Still I can't fault wimax at all, the speed is fine(not blistering but not a problem at all) and I have said it before but we are taking the system with us despite the availability of adsl via a copper connection.
That said I'm pretty cynical and am fully expecting to see the service go down the drain after installing it elsewhere and I'll likely change my tune.


----------



## Pazcat (Mar 24, 2010)

snikpoh said:


> Just be warned that this site is NOT very accurate - they say we can get 6-20meg yet the engineer showed us that we would NEVER get more than 1mbs!!!!
> 
> Just treat it with caution and do NOT believe everything that Movistar tell you.


Yes this is true enough, one of the reasons we wont be using them is the possibility of finding out just that after all the hassle of installation etc.
It was just a guide more than anything and who knows maybe they can get fiber optic, if that was available here I would jump at it.


----------



## snikpoh (Nov 19, 2007)

We just went to fusion having been told that the MINIMUM that movistar now provide is 6 meg. I was sceptical and told the rep as much.

After 3 weeks we are still trying to back out of fusion on the basis that they are not providing even the minimum that they promised (0.46meg was all the engineer could get).

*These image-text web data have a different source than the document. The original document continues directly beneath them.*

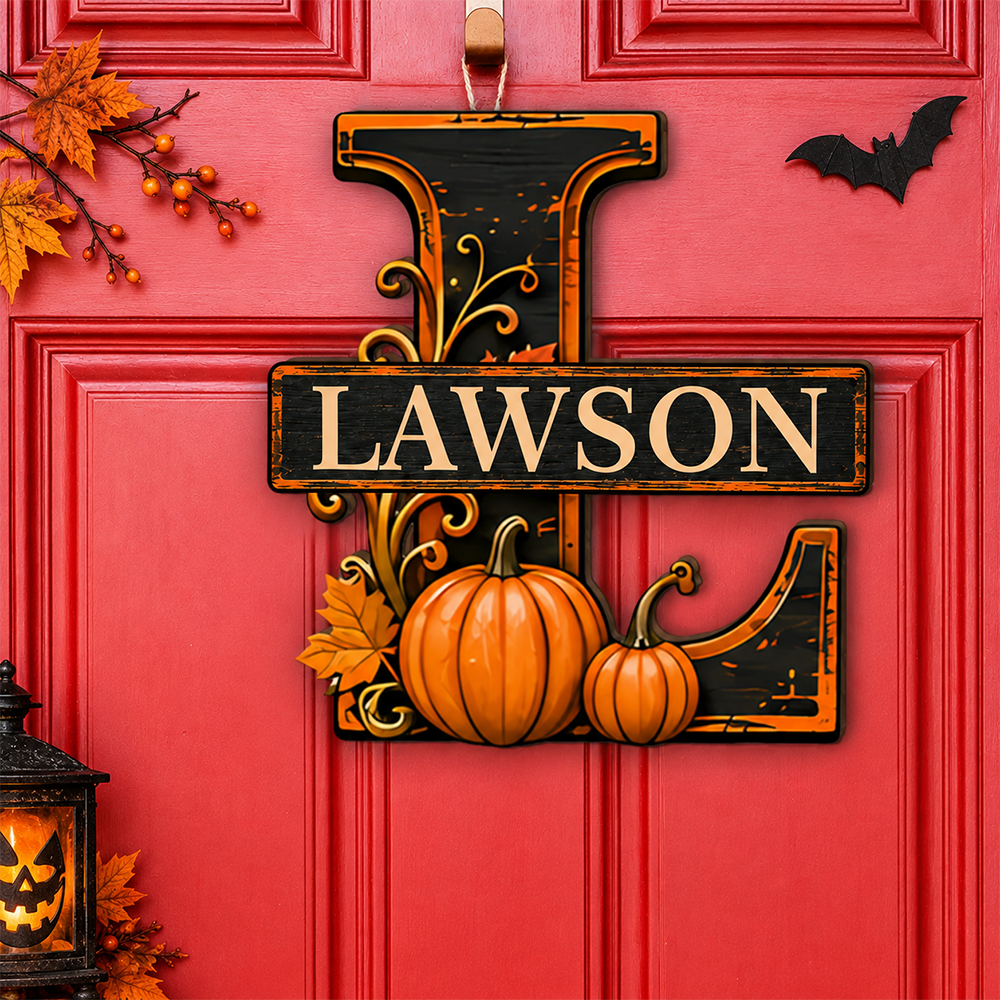 Custom Initial & Name Pumpkin Halloween Monogram Door Sign LM32 670003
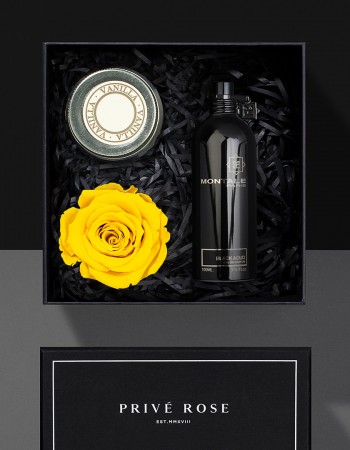 هدية عطر مونتال بلاك عود مع وردة وشمعة هدية عطر مونتال بلاك عود مع وردة وشمعة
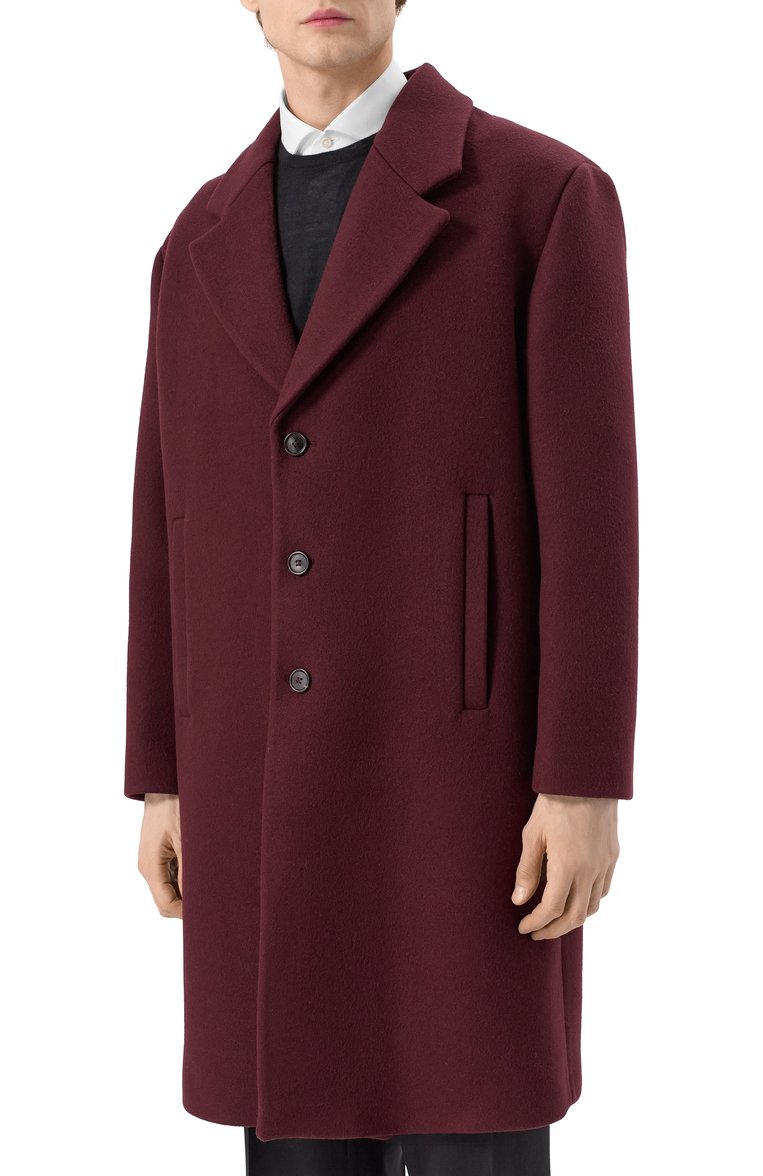 Мужской пальто из шерсти и кашемира PRADA бордового цвета, арт. SGB840-1ZC2-F0403-212 | Фото 3 (1-2-бортные: Однобортные; Материал внешний: Шерсть; Рукава: Длинные; Мужское Кросс-КТ: пальто-верхняя одежда; Длина (верхняя одежда): До колена; Стили: Кэжуэл)
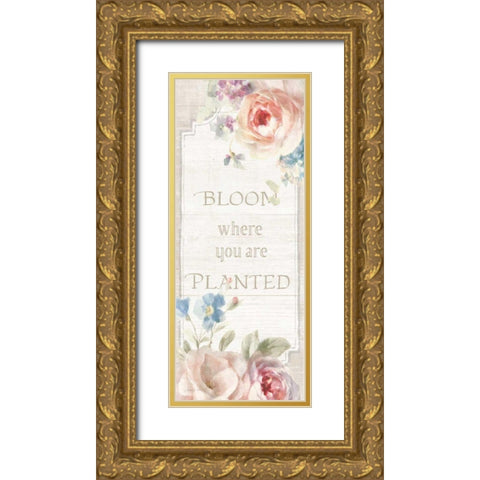 Cottage Garden VI on wood Gold Ornate Wood Framed Art Print with Double Matting by Nai, Danhui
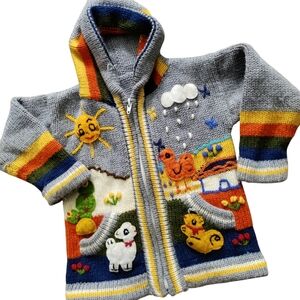 Storybook Hooded 3D Knit Zip Hoodie Sweater Ecuador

Lesson learned - don't believe sales people (especially when I know lots more than they do on the subject in question)!


----------



## bowman1984uk (Mar 3, 2012)

hey hope i am not butting in  moving to Zaragoza end of August and wondering if anyone know companies that do unlimited fast fiber or broad band (i am a gamer so its a must for me


----------



## Lynn R (Feb 21, 2014)

It won't be of any help to the OP as we use a purely local supplier, but we do have an internet only service via a local cable TV company (there are 2 in our town who both offer this service). They call it Internet Ahorro, and we pay €18 per month inc IVA for 20mb (totally unlimited, and we do get actual speed very close to 20mb). They do have phone and/or TV options too, of course, but we aren't obliged to take them, and we could opt for higher speeds of 30 or 50mb if we wanted to pay more. Before this we had wimax but it was much slower (we paid for up to 10mb but never got more than 6) and also quite a bit more expensive. We were paying €29 per month but the company's prices are now higher.


----------



## xgarb (May 6, 2011)

another option... Tarifas internet 4G - Descubre la red 4G con Amena en casa


----------



## snikpoh (Nov 19, 2007)

4g - ha, ha, we can barely get 3g around here!


----------



## Wibs (Apr 1, 2015)

snikpoh said:


> 4g - ha, ha, we can barely get 3g around here!


Where's 'around here'?

So, does anyone know if 4G is available in the Fuengirola area (specifically I am in El faro)?

Wibs


----------



## el pescador (Mar 14, 2013)

Im in deepest Andalusia and our town near Almeria has just recently upgraded to 300Mbs download 30Mbs upload fibre.
Coming to a rural town near you soon.


----------



## gus-lopez (Jan 4, 2010)

snikpoh said:


> Just be warned that this site is NOT very accurate - they say we can get 6-20meg yet the engineer showed us that we would NEVER get more than 1mbs!!!!
> 
> Just treat it with caution and do NOT believe ANYthing that Movistar tell you.


I've corrected that for you-


----------



## gus-lopez (Jan 4, 2010)

The Skipper said:


> You obviously have better internet options in your part of the province than we do. When we bought our house in 2008 there was no internet available other than a mobile dongle, which was totally useless and very expensive.!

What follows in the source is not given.